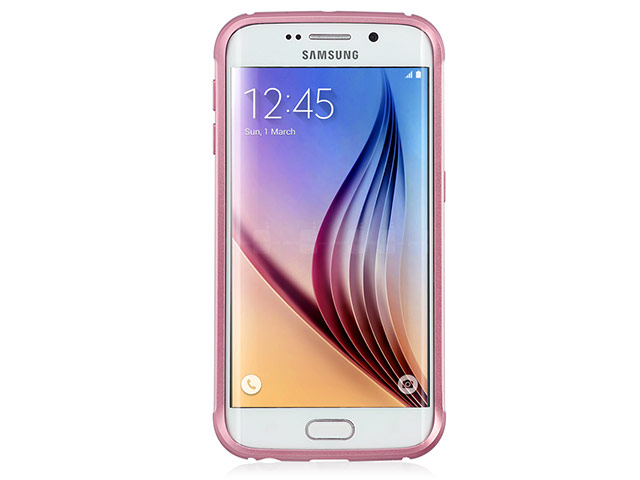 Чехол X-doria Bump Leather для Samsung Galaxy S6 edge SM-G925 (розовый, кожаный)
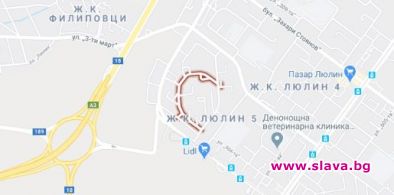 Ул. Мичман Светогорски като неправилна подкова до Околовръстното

···

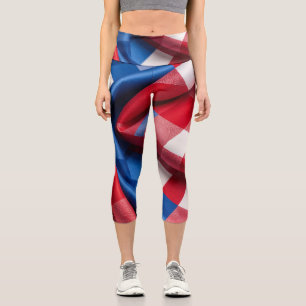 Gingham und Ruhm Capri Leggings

···

## What is required
Among the entries above, locate the line with "Чехол X-doria Bump" and the line with "Ул. Мичман Светогорски". Give those two lines and all lines between them again, exactly, leaving out the pictures.

## Output of the exercise
 Чехол X-doria Bump Leather для Samsung Galaxy S6 edge SM-G925 (розовый, кожаный)
 Ул. Мичман Светогорски като неправилна подкова до Околовръстното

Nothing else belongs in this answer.